Start of Exercise input
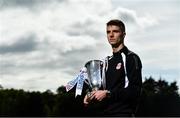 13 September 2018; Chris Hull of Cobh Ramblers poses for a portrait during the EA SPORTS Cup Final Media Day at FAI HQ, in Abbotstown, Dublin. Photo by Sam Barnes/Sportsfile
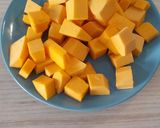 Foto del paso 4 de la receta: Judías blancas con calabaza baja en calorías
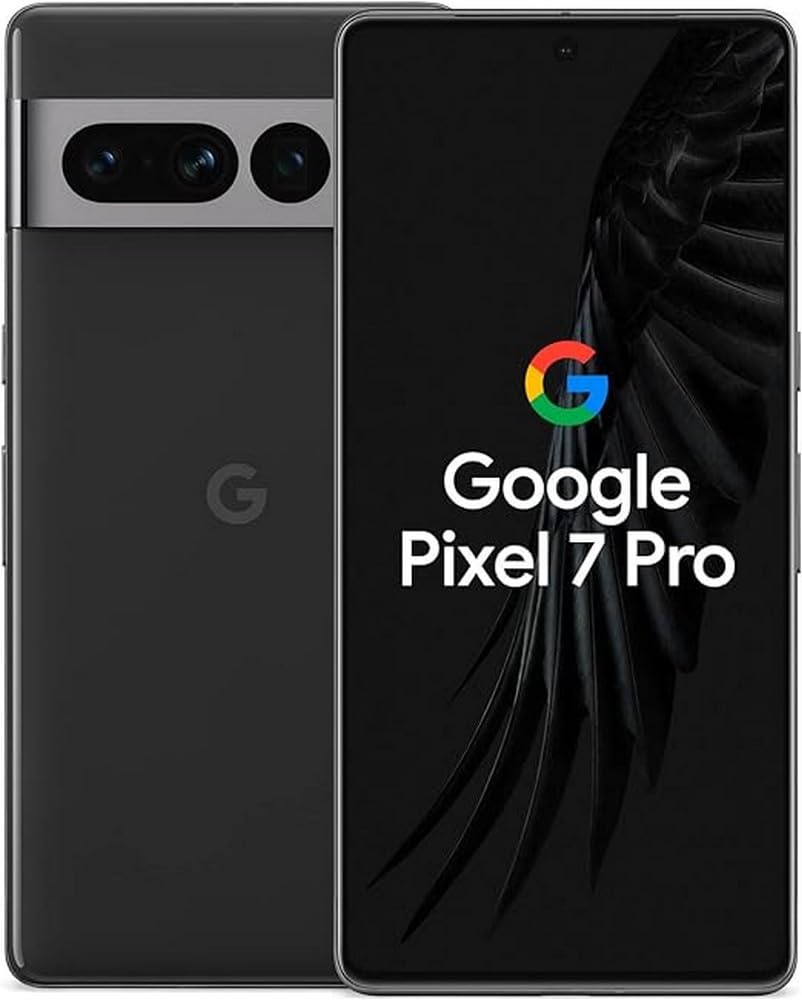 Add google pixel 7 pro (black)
End of Exercise input
Start of Exercise input
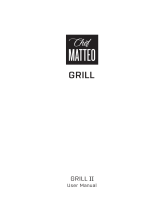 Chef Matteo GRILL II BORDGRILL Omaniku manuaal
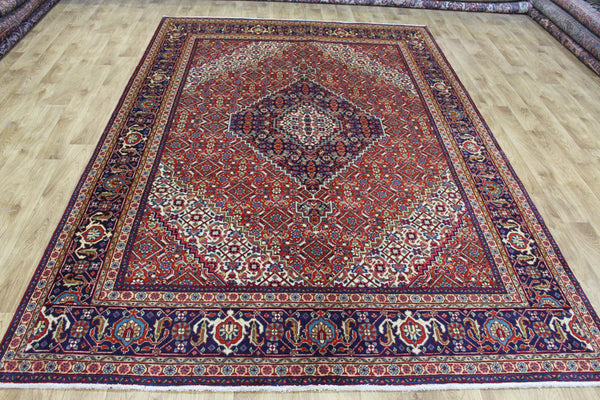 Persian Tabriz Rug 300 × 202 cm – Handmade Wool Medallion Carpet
End of Exercise input
Start of Exercise input
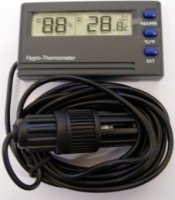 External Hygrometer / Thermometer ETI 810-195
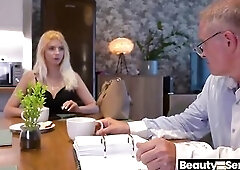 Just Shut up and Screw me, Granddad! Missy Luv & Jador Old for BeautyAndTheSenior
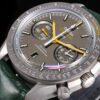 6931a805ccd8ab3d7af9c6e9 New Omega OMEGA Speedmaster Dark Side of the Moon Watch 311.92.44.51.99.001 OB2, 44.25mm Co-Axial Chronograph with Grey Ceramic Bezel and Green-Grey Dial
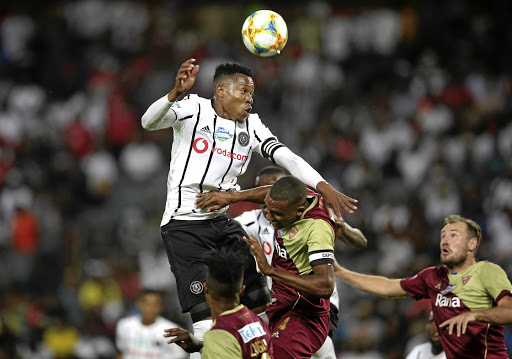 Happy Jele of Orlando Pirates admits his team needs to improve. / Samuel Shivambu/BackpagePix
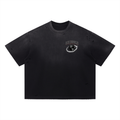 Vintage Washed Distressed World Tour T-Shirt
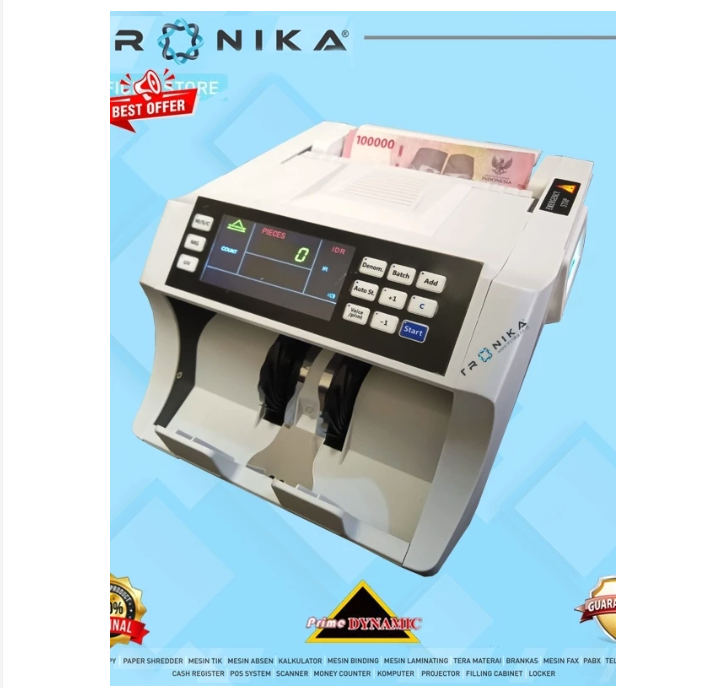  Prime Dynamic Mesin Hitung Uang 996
End of Exercise input
> **Task objective**: Repeat exactly the lines above, beginning at the one containing "Vintage Washed Distressed World Tour T-Shirt" and ending at the one containing "Prime Dynamic Mesin Hitung Uang 996". Do not carry over any pictures.

> **Result of this exercise**:
 Vintage Washed Distressed World Tour T-Shirt
  Prime Dynamic Mesin Hitung Uang 996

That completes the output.